Wraz z nastaniem chłodniejszych dni strażacy w całym kraju, również w Szczecinku, mają ogrom pracy. Wszystko za sprawą nieszczelnych instalacji oraz niesprawnych urządzeń grzewczych, które niekiedy mogą powodować ulatnianie się tlenku węgla, potocznie zwanego czadem.  W środę, 9 listopada przedstawiciele Komendy Powiatowej Państwowej Straży Pożarnej w Szczecinku – mł. kpt Piotr Kiczuk, st. asp. Sebastian Głyszak i st. sekc. Łukasz Staciwa spotkali się z przedstawicielami lokalnych mediów, aby za ich pośrednictwem zaapelować do mieszkańców o zachowanie wzmożonej czujności w okresie grzewczym.

Zagrożenie, które stwarza ulatniający się tlenek węgla, okazuje się być całkiem realne. Zaledwie tydzień temu przy ul. Wodociągowej omal nie doszło do tragedii. Kiedy wezwani przez lokatorów jednego z mieszkań strażacy dotarli na miejsce, ich urządzenia pomiarowe pokazały 300 ppm.  Finałem tego zdarzenia było zabranie 34-letniej kobiety oraz kolejnych trzech osób, w tym dzieci do szpitala na obserwację.

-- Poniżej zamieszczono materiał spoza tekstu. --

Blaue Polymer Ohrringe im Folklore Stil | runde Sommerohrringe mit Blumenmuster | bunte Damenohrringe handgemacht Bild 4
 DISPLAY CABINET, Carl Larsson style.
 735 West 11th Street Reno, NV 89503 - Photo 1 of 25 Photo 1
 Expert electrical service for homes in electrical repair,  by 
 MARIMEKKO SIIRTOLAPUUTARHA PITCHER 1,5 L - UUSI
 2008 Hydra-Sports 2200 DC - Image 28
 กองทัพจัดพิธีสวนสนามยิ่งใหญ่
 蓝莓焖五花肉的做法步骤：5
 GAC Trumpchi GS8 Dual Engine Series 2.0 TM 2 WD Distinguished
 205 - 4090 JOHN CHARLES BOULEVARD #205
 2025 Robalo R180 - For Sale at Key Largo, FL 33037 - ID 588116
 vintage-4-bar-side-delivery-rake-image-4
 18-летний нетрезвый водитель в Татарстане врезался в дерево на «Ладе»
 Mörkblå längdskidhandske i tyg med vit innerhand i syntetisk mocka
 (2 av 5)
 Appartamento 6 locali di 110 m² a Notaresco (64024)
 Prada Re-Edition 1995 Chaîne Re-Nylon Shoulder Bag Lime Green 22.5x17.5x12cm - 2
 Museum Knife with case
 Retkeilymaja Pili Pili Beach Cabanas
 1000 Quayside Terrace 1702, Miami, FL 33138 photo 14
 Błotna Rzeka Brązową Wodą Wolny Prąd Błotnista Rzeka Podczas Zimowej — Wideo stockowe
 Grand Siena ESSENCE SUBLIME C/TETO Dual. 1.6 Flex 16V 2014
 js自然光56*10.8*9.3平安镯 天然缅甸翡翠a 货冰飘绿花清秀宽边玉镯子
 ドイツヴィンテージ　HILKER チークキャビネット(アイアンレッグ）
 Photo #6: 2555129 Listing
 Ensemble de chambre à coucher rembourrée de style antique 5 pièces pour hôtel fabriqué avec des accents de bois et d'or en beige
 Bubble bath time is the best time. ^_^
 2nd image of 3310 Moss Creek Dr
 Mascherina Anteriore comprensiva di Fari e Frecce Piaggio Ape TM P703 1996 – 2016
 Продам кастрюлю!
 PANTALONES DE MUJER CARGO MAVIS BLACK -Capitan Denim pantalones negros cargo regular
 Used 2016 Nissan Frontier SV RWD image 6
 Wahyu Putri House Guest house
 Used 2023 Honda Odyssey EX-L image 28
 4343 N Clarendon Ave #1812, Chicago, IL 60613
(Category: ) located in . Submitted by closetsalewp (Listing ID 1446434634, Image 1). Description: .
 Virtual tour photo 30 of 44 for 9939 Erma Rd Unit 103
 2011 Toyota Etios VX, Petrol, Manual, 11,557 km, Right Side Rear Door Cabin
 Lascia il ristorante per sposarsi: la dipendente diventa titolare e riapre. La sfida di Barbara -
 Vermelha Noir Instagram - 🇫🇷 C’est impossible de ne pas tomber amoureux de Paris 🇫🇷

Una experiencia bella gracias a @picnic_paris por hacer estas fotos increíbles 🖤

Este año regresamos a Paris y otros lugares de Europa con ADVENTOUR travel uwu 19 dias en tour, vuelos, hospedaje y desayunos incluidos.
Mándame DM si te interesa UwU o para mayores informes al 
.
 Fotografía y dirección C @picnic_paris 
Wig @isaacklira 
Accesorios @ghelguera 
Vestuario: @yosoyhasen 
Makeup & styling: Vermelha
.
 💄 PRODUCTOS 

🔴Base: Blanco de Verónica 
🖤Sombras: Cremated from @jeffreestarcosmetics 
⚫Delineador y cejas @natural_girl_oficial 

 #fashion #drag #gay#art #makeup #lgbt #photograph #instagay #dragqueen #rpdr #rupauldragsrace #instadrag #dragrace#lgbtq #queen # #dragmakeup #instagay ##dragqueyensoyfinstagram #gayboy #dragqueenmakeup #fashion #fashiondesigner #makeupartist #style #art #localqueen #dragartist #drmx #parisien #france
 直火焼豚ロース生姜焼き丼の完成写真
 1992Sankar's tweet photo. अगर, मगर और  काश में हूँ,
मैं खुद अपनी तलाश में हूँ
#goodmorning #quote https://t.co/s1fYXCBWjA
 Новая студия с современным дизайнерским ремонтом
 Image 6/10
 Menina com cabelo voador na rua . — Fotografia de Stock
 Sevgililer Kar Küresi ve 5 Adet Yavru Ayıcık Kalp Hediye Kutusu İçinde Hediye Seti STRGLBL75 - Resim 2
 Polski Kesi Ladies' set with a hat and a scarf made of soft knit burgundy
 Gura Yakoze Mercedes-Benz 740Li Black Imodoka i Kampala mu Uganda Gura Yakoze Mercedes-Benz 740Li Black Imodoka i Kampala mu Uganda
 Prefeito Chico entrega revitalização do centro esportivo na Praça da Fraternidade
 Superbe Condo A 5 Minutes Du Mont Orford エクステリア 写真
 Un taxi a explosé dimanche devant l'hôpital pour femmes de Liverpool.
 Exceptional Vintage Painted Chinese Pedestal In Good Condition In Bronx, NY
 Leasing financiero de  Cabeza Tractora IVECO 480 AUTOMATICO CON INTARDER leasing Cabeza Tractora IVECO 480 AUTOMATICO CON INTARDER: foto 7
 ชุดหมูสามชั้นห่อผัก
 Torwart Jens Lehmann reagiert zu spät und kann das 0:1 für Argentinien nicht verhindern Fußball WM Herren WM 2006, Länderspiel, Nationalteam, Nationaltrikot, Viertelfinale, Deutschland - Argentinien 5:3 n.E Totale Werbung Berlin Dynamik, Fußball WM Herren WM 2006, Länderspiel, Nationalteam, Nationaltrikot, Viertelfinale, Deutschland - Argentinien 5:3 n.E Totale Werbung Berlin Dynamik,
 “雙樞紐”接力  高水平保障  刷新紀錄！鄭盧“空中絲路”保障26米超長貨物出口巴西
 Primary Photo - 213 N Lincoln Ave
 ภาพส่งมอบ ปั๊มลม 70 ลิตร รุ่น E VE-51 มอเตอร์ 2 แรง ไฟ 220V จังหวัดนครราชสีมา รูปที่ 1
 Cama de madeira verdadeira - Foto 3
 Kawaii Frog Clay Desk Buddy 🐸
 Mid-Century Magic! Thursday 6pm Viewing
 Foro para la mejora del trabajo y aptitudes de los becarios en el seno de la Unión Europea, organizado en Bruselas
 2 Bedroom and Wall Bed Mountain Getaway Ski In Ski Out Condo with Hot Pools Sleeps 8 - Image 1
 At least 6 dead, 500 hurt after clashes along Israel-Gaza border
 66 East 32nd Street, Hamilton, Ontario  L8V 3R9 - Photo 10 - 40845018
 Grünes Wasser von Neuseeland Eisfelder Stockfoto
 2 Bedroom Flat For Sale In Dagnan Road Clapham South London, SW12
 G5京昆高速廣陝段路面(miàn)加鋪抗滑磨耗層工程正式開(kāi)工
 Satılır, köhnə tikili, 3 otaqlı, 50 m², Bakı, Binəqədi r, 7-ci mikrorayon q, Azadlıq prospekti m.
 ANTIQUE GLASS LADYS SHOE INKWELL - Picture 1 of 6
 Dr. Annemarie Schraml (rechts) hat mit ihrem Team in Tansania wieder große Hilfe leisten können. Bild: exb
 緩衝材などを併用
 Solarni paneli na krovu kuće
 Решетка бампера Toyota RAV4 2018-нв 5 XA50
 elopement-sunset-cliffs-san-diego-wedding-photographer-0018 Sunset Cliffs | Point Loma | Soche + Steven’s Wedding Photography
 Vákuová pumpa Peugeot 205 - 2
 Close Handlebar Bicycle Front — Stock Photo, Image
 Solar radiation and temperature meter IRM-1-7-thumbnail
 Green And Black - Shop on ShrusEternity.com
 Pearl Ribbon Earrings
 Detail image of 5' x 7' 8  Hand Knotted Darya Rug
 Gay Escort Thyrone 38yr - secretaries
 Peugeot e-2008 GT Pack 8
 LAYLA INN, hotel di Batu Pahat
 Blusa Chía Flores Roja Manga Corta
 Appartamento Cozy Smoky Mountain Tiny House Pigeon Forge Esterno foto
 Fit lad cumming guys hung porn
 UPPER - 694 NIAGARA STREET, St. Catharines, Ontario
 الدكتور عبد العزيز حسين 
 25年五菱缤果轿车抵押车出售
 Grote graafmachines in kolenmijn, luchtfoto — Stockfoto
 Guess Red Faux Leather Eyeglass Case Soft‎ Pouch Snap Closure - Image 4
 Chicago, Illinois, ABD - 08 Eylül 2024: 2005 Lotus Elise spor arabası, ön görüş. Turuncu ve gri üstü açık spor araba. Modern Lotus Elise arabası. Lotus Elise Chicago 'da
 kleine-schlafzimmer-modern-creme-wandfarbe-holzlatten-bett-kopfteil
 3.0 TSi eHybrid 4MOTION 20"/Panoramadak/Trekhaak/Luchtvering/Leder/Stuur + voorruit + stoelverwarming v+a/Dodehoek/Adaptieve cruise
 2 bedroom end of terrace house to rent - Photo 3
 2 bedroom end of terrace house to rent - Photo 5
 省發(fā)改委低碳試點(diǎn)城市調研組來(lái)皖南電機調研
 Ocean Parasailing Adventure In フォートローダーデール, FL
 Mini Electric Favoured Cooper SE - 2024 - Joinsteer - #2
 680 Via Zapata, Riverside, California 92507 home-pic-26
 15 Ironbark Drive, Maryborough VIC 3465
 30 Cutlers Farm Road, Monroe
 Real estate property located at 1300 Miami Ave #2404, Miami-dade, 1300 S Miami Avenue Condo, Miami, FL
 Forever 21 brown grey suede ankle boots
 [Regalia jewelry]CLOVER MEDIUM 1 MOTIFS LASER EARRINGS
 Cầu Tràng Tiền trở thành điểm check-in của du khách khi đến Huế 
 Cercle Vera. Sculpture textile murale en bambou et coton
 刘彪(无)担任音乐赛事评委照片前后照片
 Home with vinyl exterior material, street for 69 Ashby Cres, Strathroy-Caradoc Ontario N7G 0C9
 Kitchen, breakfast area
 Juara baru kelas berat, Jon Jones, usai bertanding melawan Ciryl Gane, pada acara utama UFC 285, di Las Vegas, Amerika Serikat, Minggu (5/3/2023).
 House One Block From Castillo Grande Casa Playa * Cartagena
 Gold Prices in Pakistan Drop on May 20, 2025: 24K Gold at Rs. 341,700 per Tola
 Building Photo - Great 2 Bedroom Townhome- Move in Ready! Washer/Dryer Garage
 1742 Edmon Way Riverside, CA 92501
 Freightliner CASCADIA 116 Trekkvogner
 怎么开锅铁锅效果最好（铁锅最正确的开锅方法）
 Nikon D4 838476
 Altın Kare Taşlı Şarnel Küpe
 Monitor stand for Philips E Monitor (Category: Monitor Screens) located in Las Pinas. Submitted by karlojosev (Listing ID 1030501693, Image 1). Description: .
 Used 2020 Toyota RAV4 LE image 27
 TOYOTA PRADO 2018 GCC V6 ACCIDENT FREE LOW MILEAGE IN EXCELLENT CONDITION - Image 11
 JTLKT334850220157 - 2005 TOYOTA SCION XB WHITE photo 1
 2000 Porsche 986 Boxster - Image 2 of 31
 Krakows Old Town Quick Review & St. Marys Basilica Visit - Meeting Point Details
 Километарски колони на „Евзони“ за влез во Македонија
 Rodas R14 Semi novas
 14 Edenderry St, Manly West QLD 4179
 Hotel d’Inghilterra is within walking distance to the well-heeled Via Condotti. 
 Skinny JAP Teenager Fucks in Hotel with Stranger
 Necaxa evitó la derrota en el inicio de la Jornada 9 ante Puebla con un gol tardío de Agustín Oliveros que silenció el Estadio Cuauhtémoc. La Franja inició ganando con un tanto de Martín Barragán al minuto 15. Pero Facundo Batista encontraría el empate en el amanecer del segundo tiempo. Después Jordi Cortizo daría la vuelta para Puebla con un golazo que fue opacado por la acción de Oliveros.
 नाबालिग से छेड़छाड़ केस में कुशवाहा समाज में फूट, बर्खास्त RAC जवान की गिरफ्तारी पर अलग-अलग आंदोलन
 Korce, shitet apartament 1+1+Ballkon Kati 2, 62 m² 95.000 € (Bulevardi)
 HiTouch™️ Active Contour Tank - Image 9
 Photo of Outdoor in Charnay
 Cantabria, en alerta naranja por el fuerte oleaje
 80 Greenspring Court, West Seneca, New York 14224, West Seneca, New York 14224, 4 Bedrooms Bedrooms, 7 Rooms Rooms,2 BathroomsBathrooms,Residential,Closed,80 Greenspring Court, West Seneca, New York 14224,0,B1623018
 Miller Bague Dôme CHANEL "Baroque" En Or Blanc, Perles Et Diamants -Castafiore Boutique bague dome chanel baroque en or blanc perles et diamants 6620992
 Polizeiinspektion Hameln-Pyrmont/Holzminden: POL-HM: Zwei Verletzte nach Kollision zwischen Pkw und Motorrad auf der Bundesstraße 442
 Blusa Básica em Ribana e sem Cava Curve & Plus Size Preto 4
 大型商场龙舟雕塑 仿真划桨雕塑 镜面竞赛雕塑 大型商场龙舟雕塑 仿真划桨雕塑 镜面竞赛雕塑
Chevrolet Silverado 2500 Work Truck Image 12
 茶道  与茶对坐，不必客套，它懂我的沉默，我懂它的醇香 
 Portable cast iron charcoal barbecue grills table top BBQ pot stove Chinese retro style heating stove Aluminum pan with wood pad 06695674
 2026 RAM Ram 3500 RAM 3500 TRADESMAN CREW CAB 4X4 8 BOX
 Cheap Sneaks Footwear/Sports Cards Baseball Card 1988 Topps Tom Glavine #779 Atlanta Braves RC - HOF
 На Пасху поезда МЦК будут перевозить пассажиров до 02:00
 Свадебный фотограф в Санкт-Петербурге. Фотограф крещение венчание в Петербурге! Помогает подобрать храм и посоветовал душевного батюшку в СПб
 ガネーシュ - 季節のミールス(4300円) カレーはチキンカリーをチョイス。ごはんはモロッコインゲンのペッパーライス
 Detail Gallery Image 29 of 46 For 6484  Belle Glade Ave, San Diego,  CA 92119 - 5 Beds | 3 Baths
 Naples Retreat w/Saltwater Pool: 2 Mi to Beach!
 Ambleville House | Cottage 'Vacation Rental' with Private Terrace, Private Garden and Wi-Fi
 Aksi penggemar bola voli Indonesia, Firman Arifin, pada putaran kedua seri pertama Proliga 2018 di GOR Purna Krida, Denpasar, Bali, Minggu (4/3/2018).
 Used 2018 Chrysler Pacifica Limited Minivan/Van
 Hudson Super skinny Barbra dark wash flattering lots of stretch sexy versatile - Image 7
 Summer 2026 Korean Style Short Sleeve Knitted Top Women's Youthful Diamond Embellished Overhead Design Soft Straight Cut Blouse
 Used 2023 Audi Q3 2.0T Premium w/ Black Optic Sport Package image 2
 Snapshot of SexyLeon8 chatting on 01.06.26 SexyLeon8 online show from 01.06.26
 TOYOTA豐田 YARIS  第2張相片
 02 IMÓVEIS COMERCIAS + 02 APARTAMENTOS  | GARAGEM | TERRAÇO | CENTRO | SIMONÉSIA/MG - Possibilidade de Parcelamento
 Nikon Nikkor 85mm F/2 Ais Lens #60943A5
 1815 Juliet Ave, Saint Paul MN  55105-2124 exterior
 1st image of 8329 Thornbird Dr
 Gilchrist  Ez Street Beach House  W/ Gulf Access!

- Tlenek węgla, potocznie zwany czadem, jest gazem bardzo trującym, bezbarwnym, bezwonnym, lżejszym od powietrza, co powoduje, że łatwo się z nim miesza i szybko rozprzestrzenia w pomieszczeniach. Kiedy dostanie się do naszego organizmu, powoduje uszkodzenie mózgu oraz innych narządów – mówi mł. kpt Piotr Kiczuk. - Aby zapobiegać zatruciu należy regularnie dbać o urządzenia wentylacyjne, należy uchylać okna w mieszkaniu, dokonywać przeglądów instalacji wentylacyjnej i przewodów kominowych, użytkować sprawne technicznie urządzenia w których odbywa się proces spalania. Warto również rozmieścić czujniki czadu w domu.
Jak zauważył

Jak podkreślił podczas konferencji st. sekc. Łukasz Staciwa w 2016 roku szczecineccy strażacy odnotowali 23 zdarzenia, w których występował tlenek węgla. Tylko w trzech przypadkach były to następstwa pożarów, natomiast pozostałe z nich dotyczyły niebezpieczeństw związanych z miejscowymi zagrożeniami. W tym roku strażacy udzielili także 11 poszkodowanym pomocy, u których zaszło podejrzenie zatrucia tlenkiem węgla. Jak podkreślają, zwykle do najtragiczniejszych zdarzeń dochodzi w okresie od grudnia do lutego, kiedy podczas mrozów mieszkańcy najczęściej dogrzewają swoje mieszkania, a także uszczelniają okna czy zaklejają kratki wentylacyjne.

Aby wezwać straż pożarną, należy wybrać numer 998 lub 112 i zgłoszeniu się dyżurnego należy spokojnie i wyraźnie podać swoje imię i nazwisko oraz numer telefonu, z którego wykonujemy połączenie. Trzeba również podać informację o adresie występowania zagrożenia oraz opisać, jakiego jest ono rodzaju.